“Di PSM saya dibentuk, dilatih untuk berani ambil risiko. Mungkin tanpa pengalaman itu, saya tidak akan siap tampil di Port FC, apalagi di final seperti ini,” ujar Asnawi beberapa waktu lalu dalam wawancara eksklusif dengan media Thailand.
Walau kini berkarier di luar negeri, kemenangan ini serasa jadi pembuktian bagi produk asli PSM: bahwa pemain Indonesia bisa bersinar di luar sistem kompetisi lokal, sekaligus menjadi aktor utama dalam turnamen bergengsi seperti Piala Presiden.
Persib, Tekanan di Kandang Sendiri
Persib Bandung memasuki Piala Presiden 2025 dengan ekspektasi tinggi. Mereka baru saja mengangkat trofi Liga 1 setelah penantian bertahun-tahun. Dengan skuad mentereng dan atmosfer kandang yang mendidih, seharusnya tidak ada alasan untuk gagal.
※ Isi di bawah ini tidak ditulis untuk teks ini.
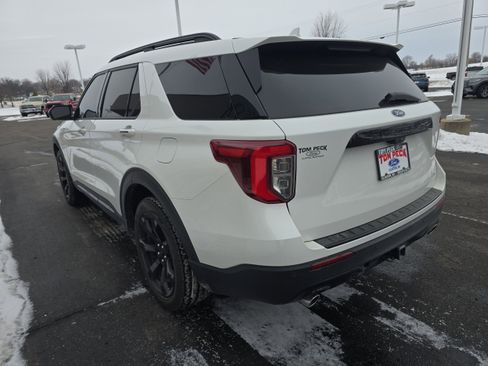 Used 2023 Ford Explorer ST-Line w/ Class IV Trailer Tow Package image 3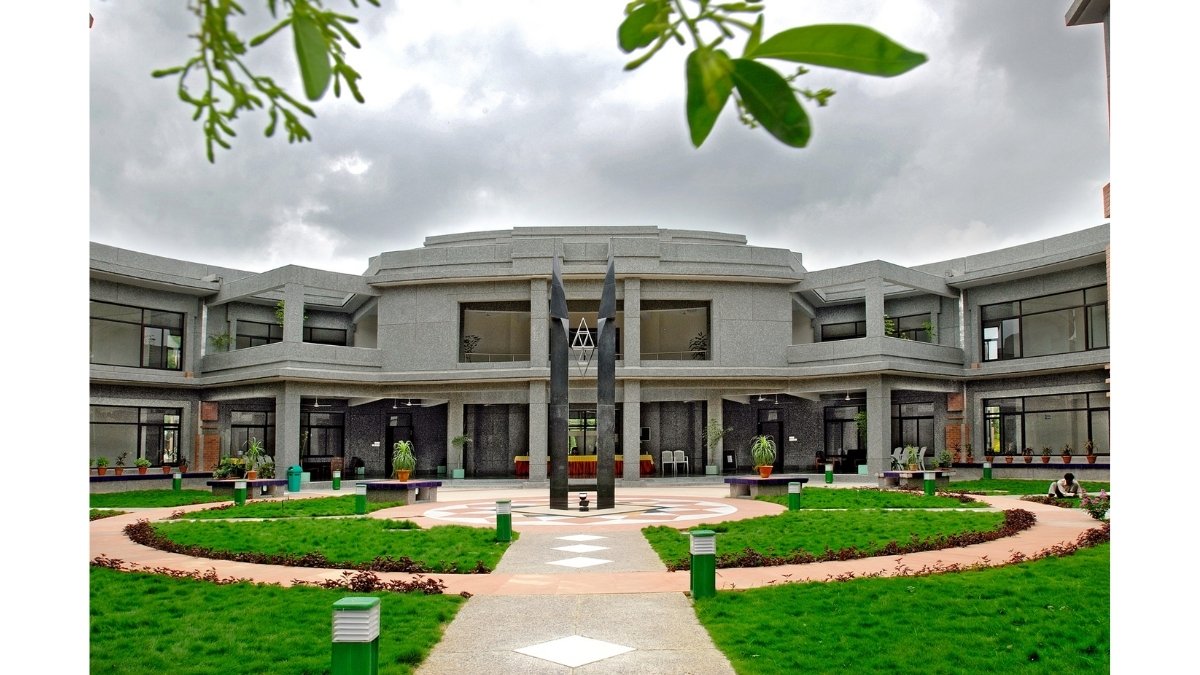 IIM Lucknow, TimesPro invite applications for the 10th intake of the Chief Strategy Officers Programme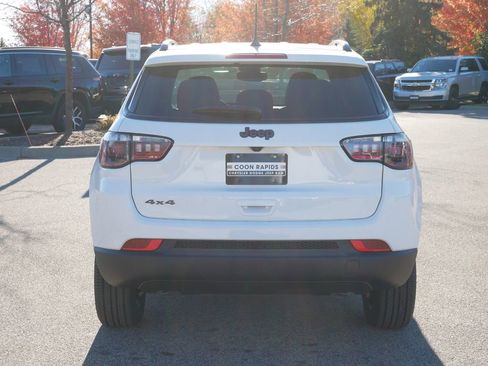 New 2026 Jeep Compass Latitude image 10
Namun kenyataan di lapangan berkata lain. Ketergantungan pada performa individu, lini belakang yang rapuh, serta minimnya rotasi saat melawan tim-tim asing seperti Port FC, membuat mereka tumbang secara tak terduga. Padahal, dalam banyak catatan, Persib adalah tim paling dominan di fase grup.
Port FC, Tamu yang Merusak Pakem
Kemenangan Port FC membawa pesan penting: dominasi klub-klub lokal dalam turnamen pramusim bisa runtuh saat kompetisi dibuka untuk peserta asing. Dengan struktur organisasi yang solid, pelatih berpengalaman seperti Alexandre Gama, serta semangat juang dari pemain seperti Asnawi, Port FC menampilkan sepak bola efektif dan terorganisir.
Turnamen ini juga memunculkan pertanyaan strategis: apakah ke depan, Piala Presiden harus membuka diri lebih luas bagi klub asing? Atau justru mempertahankan statusnya sebagai ajang domestik?